Personal information
- Full name: Simon Alexander McMenemy
- Date of birth: 6 December 1977 (age 48)
- Place of birth: Aberdeen, Scotland

Senior career*
- Years: Team / Apps / (Gls)
- Worthing
- Haywards Heath
- Burgess Hill
- Kajaanin Haka
- University of South Alabama

Managerial career
- 2009–2010: Worthing (assistant)
- 2010: Philippines
- 2011: Đồng Tâm Long An
- 2011–2012: Mitra Kukar
- 2013: Pelita Bandung Raya
- 2014: New Radiant
- 2014–2016: Loyola Meralco Sparks
- 2017–2018: Bhayangkara
- 2019: Indonesia
- 2023: Visakha
- 2024–: Persela Lamongan (technical director)

= Simon McMenemy =

Scottish association football manager

Simon Alexander McMenemy (born 6 December 1977) is a Scottish football manager and the current technical director of Liga 2 club Persela Lamongan. Previously, he had spells as manager of Bhayangkara, Maldivian side New Radiant, Indonesia Super League club Pelita Bandung Raya, Mitra Kukar in Indonesia, Đồng Tâm Long An in Vietnam, Loyola Meralco Sparks in Philippines, the Philippines national team and the Indonesia national team.

He rejoined Bhayangkara in 2021 as technical director.

His first job in football was for Brighton & Hove Albion as a development officer. McMenemy then worked for sportswear giant Nike. He was the assistant coach of English non-League football side Worthing before moving on to management. Previously, he applied for the Clyde vacancy in his native Scotland in 2014 but lost out to Barry Ferguson.

==Coaching career==

===Haywards Heath Town===
McMenemy started his career in coaching as manager of Sussex County League club Haywards Heath Town.

===Philippines===
Through Chris Greatwich, one of his former players at club Lewes, McMenemy heard about the vacant coaching job in the Philippines. Five weeks after applying, he received an offer from the Philippine Football Federation, the governing body of football in the country, to coach the Philippines national team.

After an undefeated group campaign, one win and two draws, the Philippines qualified second in the group to face the Indonesia national team in the semi-finals. The team was eventually defeated 2–0 on aggregate with Indonesia's Cristian Gonzáles scoring a goal in each leg of the semi-final. Both the home and away legs were held in Indonesia as the Philippines didn't have a stadium that met the international standard set by AFF.

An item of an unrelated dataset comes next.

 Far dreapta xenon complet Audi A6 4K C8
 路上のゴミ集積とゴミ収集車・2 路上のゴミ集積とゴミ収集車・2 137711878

The win of the Philippines over the Vietnam national football team during the group phase of the 2010 AFF Suzuki Cup was ranked as one of the "Top 10 soccer stories of 2010" by columnist Georgina Turner of American sports magazine Sports Illustrated.

McMenemy left the Philippines in January 2011 and was replaced by German manager Michael Weiß.

===Loyola Meralco Sparks===
On 26 August 2014, McMenemy was named head coach of the Loyola Meralco Sparks of the United Football League, replacing Vince Santos, who led the team to the 2013 Cup title but was unable to win the more prestigious UFL league titles in the past two years.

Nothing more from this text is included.